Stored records
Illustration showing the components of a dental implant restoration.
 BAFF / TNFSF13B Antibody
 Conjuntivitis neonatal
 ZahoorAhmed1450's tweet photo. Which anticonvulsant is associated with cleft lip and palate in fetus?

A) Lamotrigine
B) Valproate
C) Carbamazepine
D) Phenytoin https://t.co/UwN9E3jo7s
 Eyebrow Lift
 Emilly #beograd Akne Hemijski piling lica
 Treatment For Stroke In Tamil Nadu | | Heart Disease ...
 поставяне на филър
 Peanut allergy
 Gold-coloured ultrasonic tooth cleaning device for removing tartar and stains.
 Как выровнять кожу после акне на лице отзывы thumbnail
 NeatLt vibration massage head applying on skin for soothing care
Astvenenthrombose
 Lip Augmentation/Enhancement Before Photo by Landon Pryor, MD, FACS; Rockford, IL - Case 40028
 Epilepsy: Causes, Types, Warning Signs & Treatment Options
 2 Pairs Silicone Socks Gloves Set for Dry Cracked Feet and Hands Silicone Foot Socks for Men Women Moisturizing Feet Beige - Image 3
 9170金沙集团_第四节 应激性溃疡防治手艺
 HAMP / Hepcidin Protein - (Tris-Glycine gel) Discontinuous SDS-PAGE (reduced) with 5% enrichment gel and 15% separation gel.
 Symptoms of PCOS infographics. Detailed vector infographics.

# [The task]
Print exactly the lines above from the one with "B) Valproate" to the one with "Epilepsy: Causes, Types, Warning", including both.

# [Exercise response]
B) Valproate
C) Carbamazepine
D) Phenytoin https://t.co/UwN9E3jo7s
 Eyebrow Lift
 Emilly #beograd Akne Hemijski piling lica
 Treatment For Stroke In Tamil Nadu | | Heart Disease ...
 поставяне на филър
 Peanut allergy
 Gold-coloured ultrasonic tooth cleaning device for removing tartar and stains.
 Как выровнять кожу после акне на лице отзывы thumbnail
 NeatLt vibration massage head applying on skin for soothing care
Astvenenthrombose
 Lip Augmentation/Enhancement Before Photo by Landon Pryor, MD, FACS; Rockford, IL - Case 40028
 Epilepsy: Causes, Types, Warning Signs & Treatment Options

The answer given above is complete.